Was that under warrantee? Why would this be any different if Your Dell's video card was fried and you were waiting for repair/replacement?

he could then just go to the store and purchase any video card he wanted if he didnt want to wait for the replacement.
post #163 of 180
1. Bye Bye Prystar and anyone else who THINKS they can pull something else like this in the future!!!
2. Go Apple!
post #164 of 180
Quote:
Originally Posted by lamewing View Post

I agree that Psystar did not have the legal right to sell the modified OS.
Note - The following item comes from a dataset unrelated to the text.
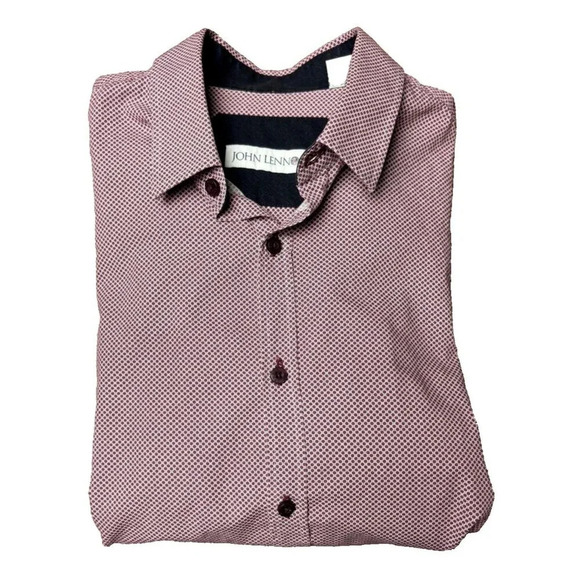 John Lennon by English Laundry‎ Burgundy Button Down Dress Shirt Size M - Picture 7 of 14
I do feel that Apple should open up OS X to other hardware, but I do see why Apple does it, and it is not because of a "potential loss of sales". Most people that would buy OS X and run it on their PCs are not going to buy a Mac (initially), but if given the opportunity to try OSX for about $125.00, they may change their minds. The reason that Apple does not allow this is actually because they do not want to support other hardware. This is why OS X "just works"...it has hand-picked hardware that is guaranteed to work. If Apple opened up OS X to anyone who wanted to install it on a PC, they would find that OS X simply does not "just work". It seems that Apple is concerned about how others folks would view OS X if it was not the "wonder OS" they claim it to be. If OS X were opened up to a wider range of hardware, they would have all the same problems Windows does regarding drivers, etc. Apple doesn't not want to rely on third parties to write drivers for OS X to support other hardware. If the code was badly written it would look bad on OS X/ Apple.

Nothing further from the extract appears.